___ Available data
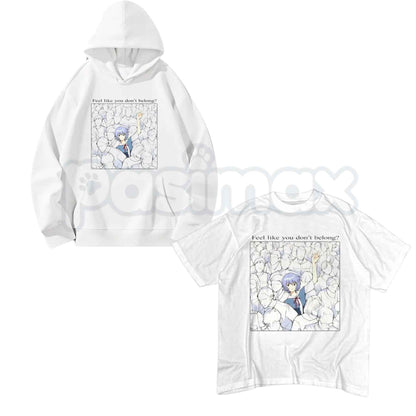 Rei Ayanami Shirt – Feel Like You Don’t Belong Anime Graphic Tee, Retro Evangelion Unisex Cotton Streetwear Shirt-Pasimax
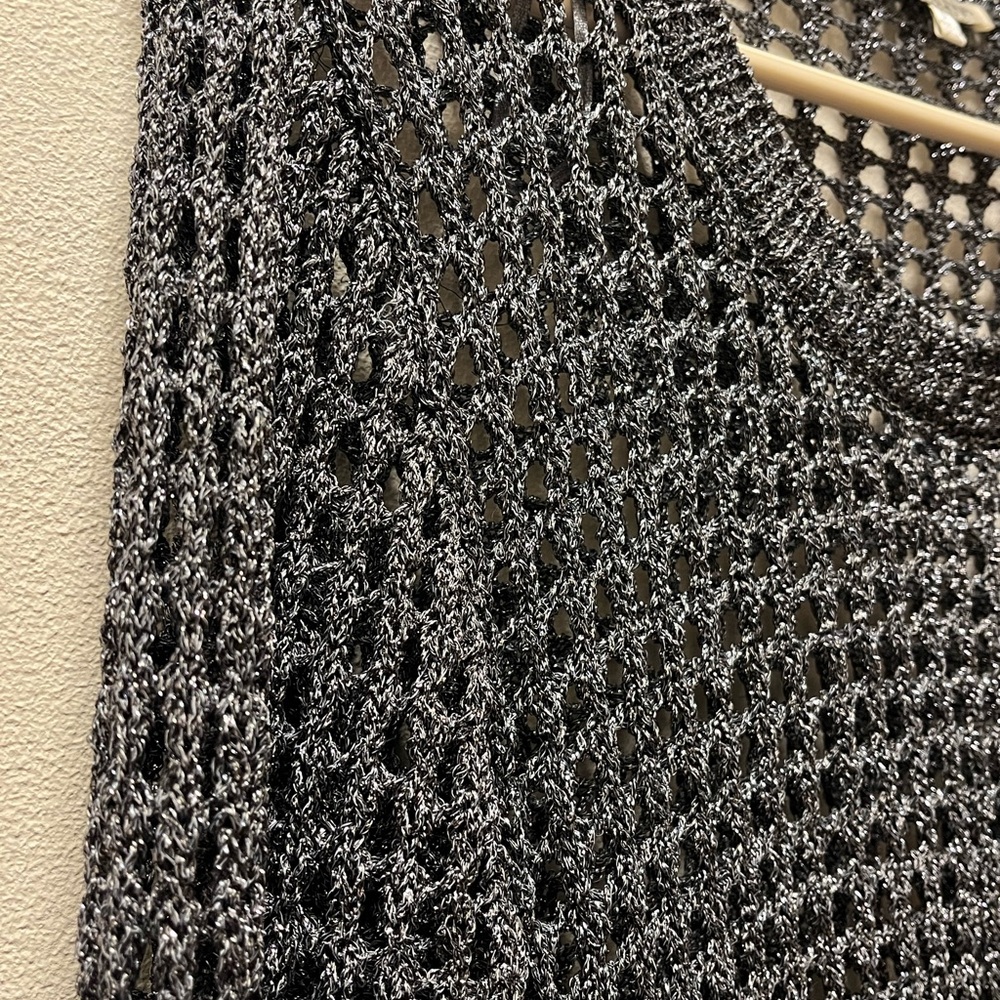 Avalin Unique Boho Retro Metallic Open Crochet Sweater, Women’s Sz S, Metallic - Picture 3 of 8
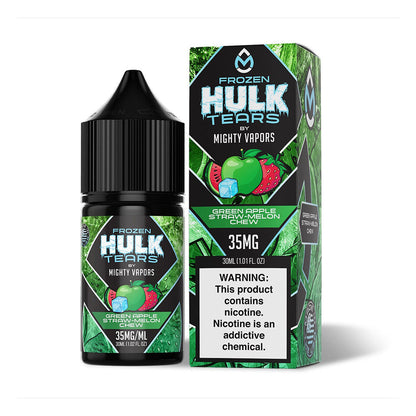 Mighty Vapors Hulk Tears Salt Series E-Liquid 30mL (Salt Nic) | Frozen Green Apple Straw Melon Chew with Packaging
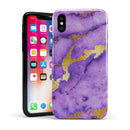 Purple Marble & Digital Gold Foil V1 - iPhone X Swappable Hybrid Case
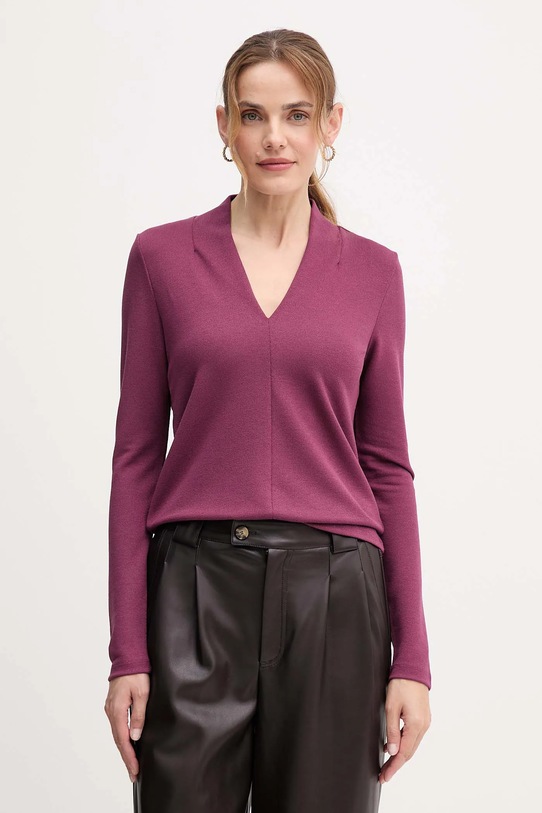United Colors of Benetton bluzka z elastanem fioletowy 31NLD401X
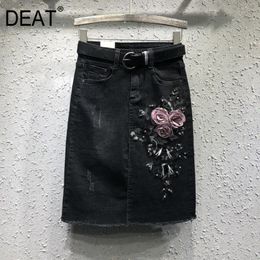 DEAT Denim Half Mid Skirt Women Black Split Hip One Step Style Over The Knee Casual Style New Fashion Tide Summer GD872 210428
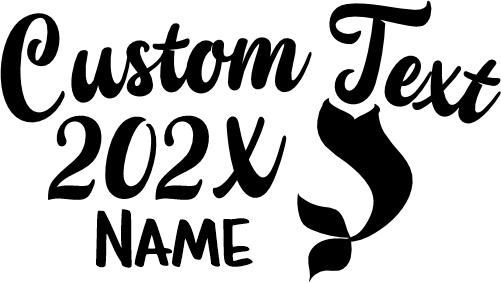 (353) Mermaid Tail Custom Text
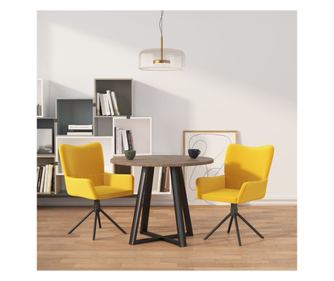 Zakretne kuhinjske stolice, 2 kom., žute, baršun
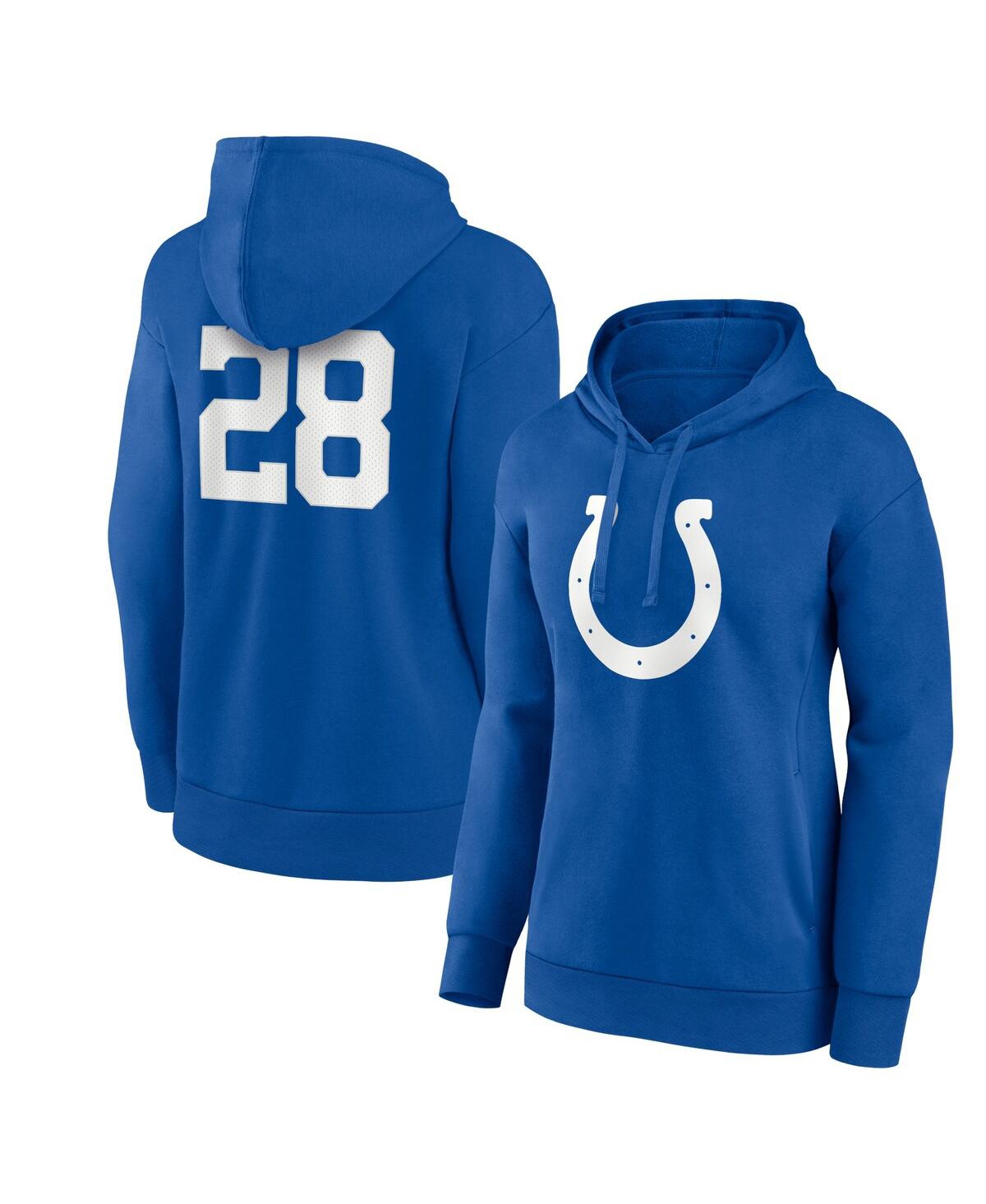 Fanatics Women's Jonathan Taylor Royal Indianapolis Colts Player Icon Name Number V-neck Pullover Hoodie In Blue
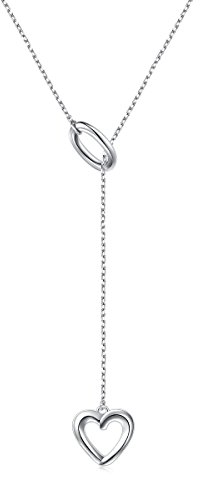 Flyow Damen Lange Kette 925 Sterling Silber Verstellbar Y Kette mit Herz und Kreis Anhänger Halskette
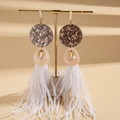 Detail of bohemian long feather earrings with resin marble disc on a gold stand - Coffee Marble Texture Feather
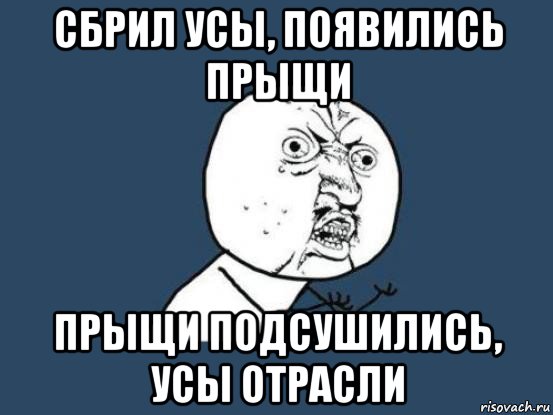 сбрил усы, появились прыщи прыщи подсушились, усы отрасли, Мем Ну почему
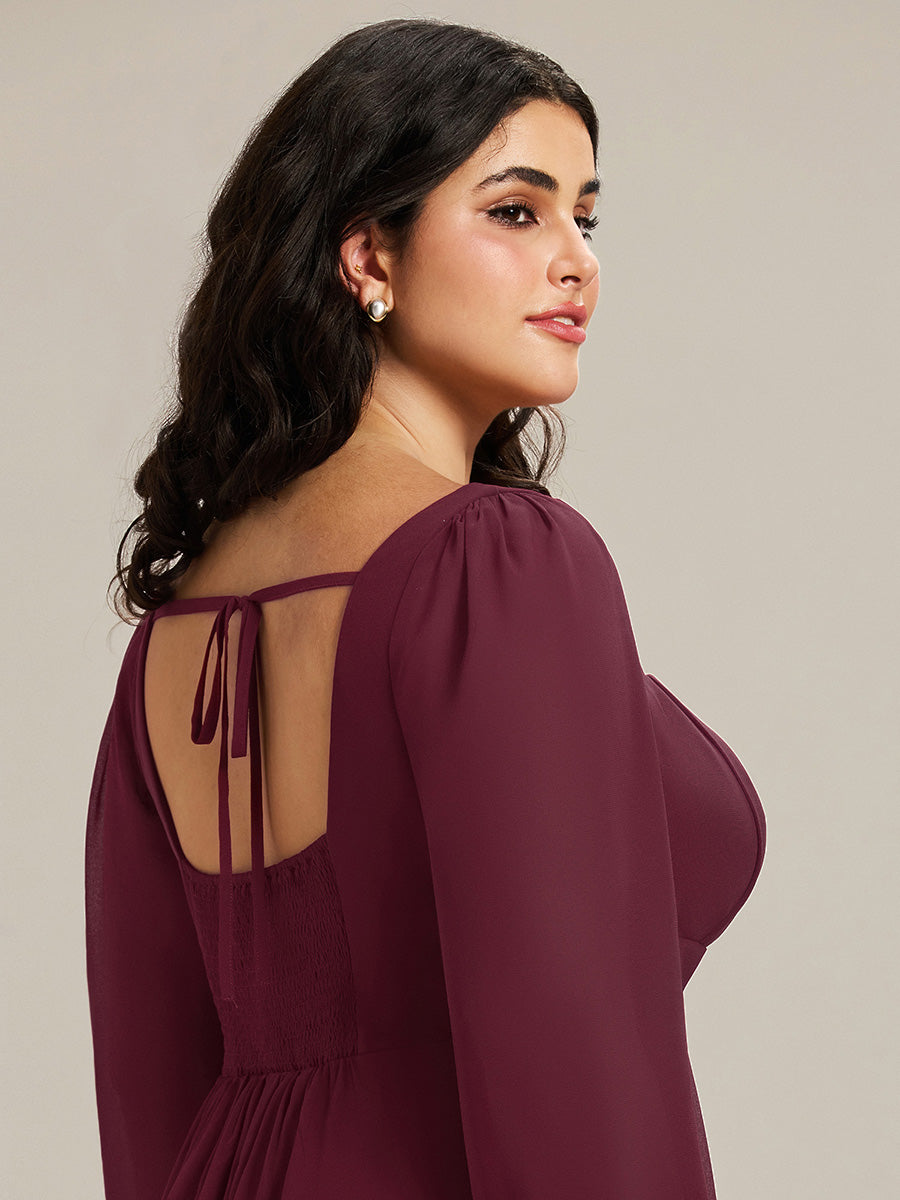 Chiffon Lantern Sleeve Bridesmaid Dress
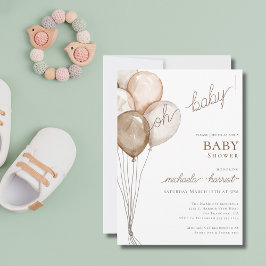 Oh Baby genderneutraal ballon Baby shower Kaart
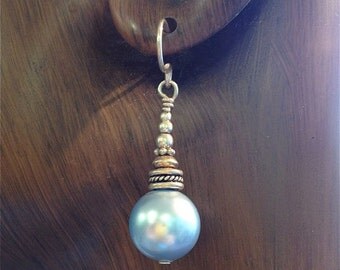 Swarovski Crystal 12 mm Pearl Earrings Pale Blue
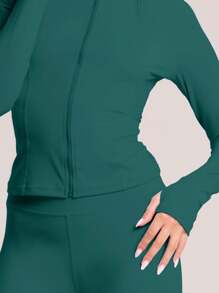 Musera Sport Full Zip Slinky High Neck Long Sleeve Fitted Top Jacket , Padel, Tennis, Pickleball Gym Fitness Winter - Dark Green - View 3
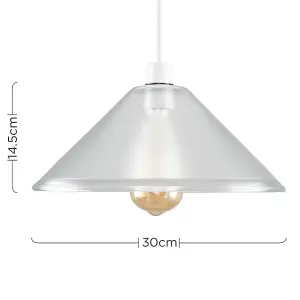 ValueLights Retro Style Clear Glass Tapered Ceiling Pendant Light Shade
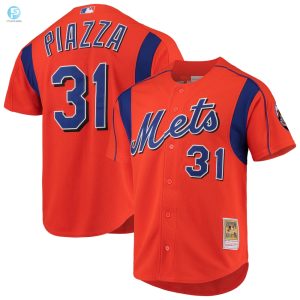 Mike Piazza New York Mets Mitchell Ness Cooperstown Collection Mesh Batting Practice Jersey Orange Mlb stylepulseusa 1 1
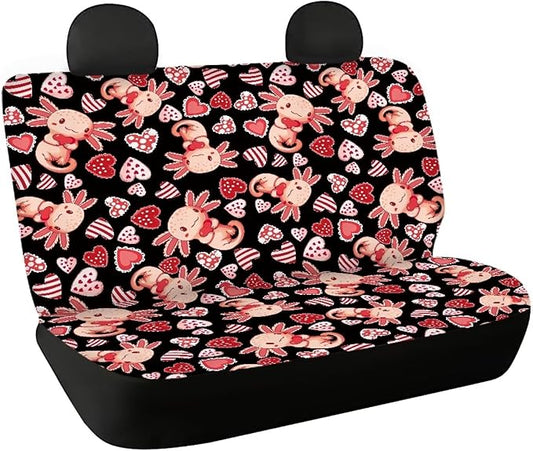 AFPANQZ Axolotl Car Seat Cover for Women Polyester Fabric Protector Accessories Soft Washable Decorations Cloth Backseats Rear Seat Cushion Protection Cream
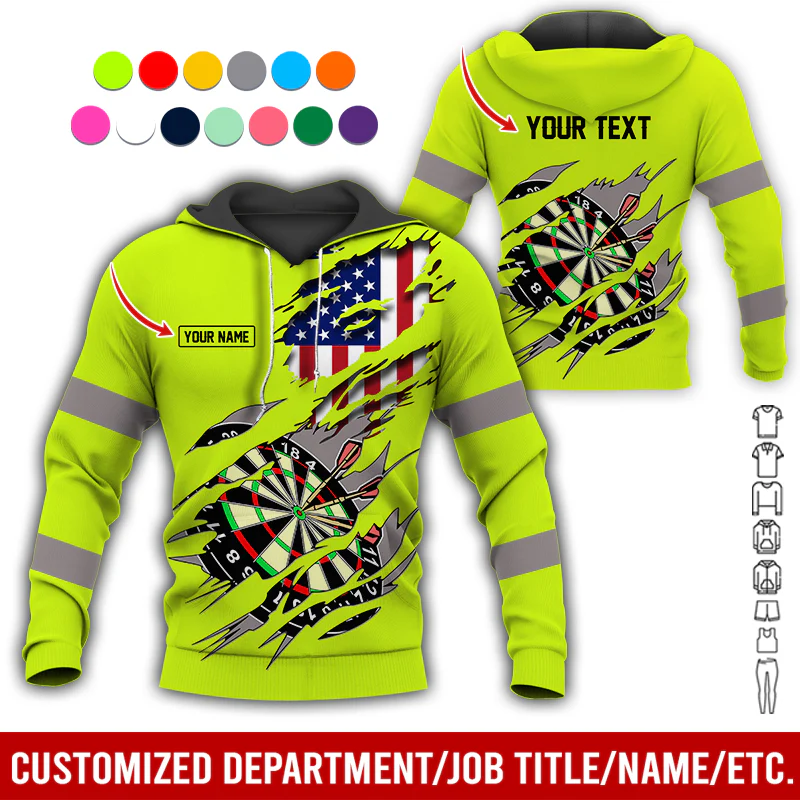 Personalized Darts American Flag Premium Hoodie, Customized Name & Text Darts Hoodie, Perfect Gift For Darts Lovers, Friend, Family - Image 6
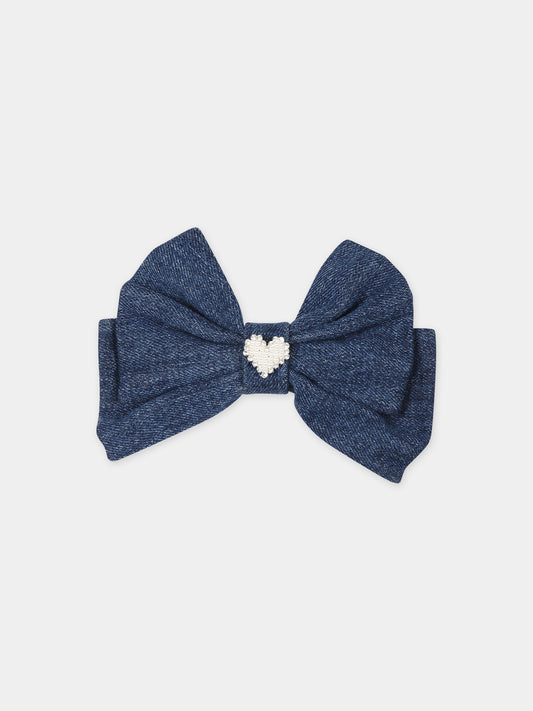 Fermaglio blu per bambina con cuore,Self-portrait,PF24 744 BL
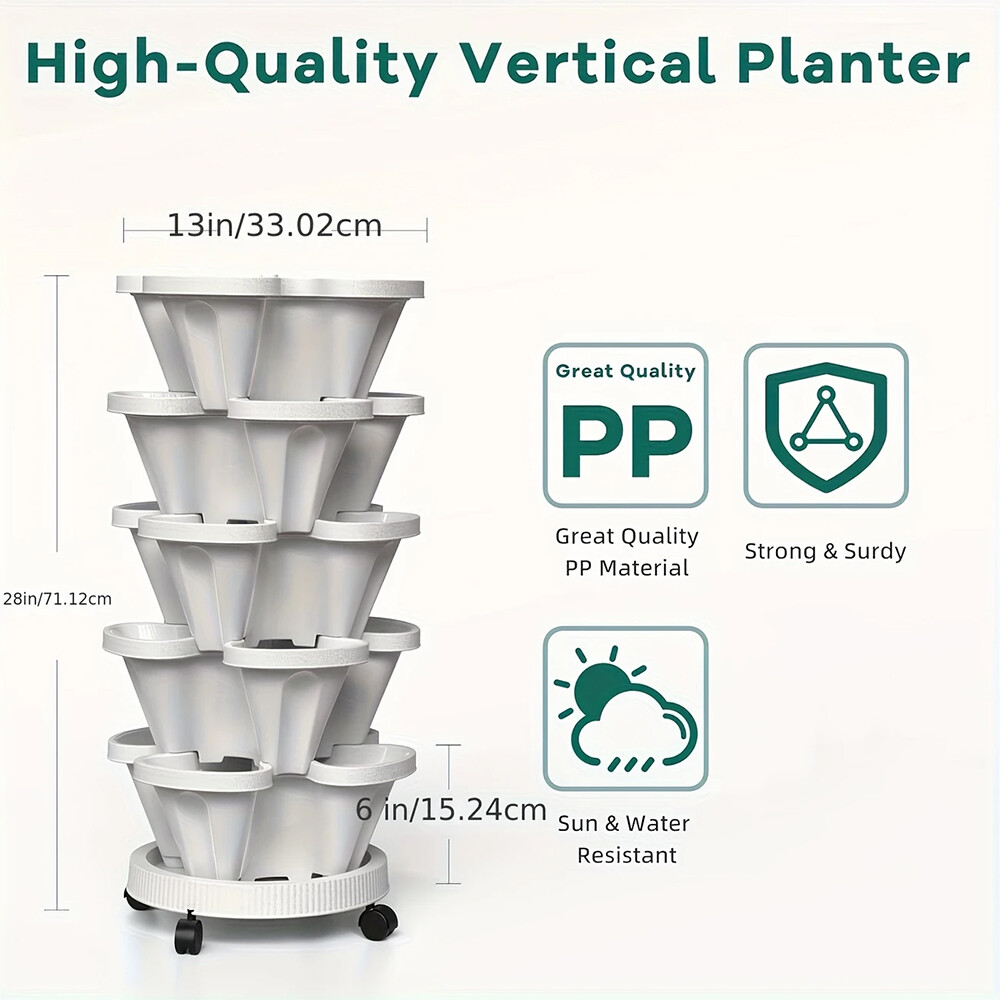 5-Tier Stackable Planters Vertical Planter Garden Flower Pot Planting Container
______
▶ Task to complete:
Restate all entries above exactly, but not the images.

▶ Response to the exercise:
 Rei Ayanami Shirt – Feel Like You Don’t Belong Anime Graphic Tee, Retro Evangelion Unisex Cotton Streetwear Shirt-Pasimax
 Avalin Unique Boho Retro Metallic Open Crochet Sweater, Women’s Sz S, Metallic - Picture 3 of 8
 Mighty Vapors Hulk Tears Salt Series E-Liquid 30mL (Salt Nic) | Frozen Green Apple Straw Melon Chew with Packaging
 Purple Marble & Digital Gold Foil V1 - iPhone X Swappable Hybrid Case
United Colors of Benetton bluzka z elastanem fioletowy 31NLD401X
 DEAT Denim Half Mid Skirt Women Black Split Hip One Step Style Over The Knee Casual Style New Fashion Tide Summer GD872 210428
 (353) Mermaid Tail Custom Text
 Zakretne kuhinjske stolice, 2 kom., žute, baršun
 Fanatics Women's Jonathan Taylor Royal Indianapolis Colts Player Icon Name Number V-neck Pullover Hoodie In Blue
 Flyow Damen Lange Kette 925 Sterling Silber Verstellbar Y Kette mit Herz und Kreis Anhänger Halskette
 Detail of bohemian long feather earrings with resin marble disc on a gold stand - Coffee Marble Texture Feather
 сбрил усы, появились прыщи прыщи подсушились, усы отрасли, Мем Ну почему
 Chiffon Lantern Sleeve Bridesmaid Dress
 Oh Baby genderneutraal ballon Baby shower Kaart
 Swarovski Crystal 12 mm Pearl Earrings Pale Blue
 Musera Sport Full Zip Slinky High Neck Long Sleeve Fitted Top Jacket , Padel, Tennis, Pickleball Gym Fitness Winter - Dark Green - View 3
 ValueLights Retro Style Clear Glass Tapered Ceiling Pendant Light Shade
 Mike Piazza New York Mets Mitchell Ness Cooperstown Collection Mesh Batting Practice Jersey Orange Mlb stylepulseusa 1 1
 AFPANQZ Axolotl Car Seat Cover for Women Polyester Fabric Protector Accessories Soft Washable Decorations Cloth Backseats Rear Seat Cushion Protection Cream
 Personalized Darts American Flag Premium Hoodie, Customized Name & Text Darts Hoodie, Perfect Gift For Darts Lovers, Friend, Family - Image 6
 Fermaglio blu per bambina con cuore,Self-portrait,PF24 744 BL
 5-Tier Stackable Planters Vertical Planter Garden Flower Pot Planting Container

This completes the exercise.